DIRECTIONS: Could you restate the data word for word and drop the pictures?

DATASET EXCERPT:
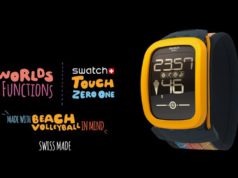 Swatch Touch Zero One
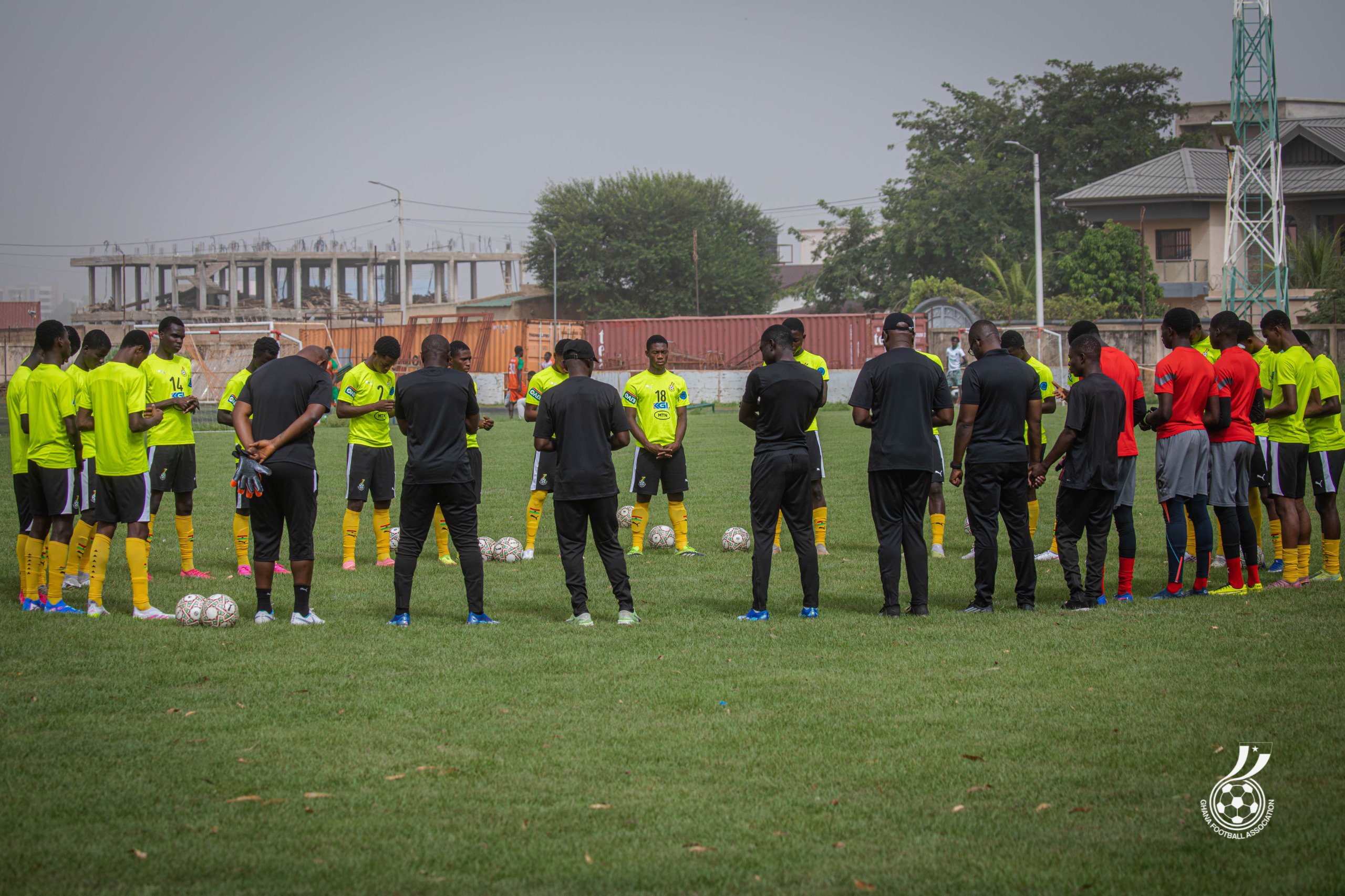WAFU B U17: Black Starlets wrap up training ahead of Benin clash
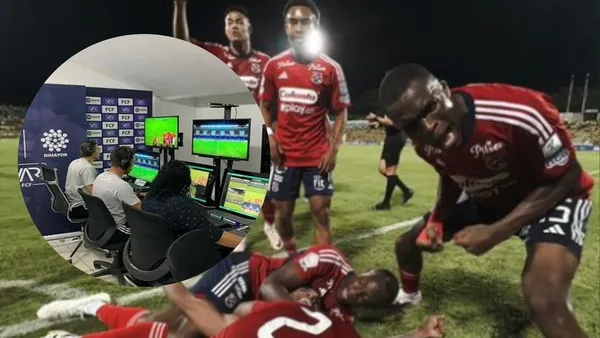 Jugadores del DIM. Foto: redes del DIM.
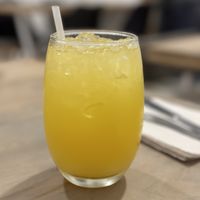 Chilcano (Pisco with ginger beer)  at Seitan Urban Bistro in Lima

OUTPUT BELOW:
 Swatch Touch Zero One
WAFU B U17: Black Starlets wrap up training ahead of Benin clash
 Jugadores del DIM. Foto: redes del DIM.
 Chilcano (Pisco with ginger beer)  at Seitan Urban Bistro in Lima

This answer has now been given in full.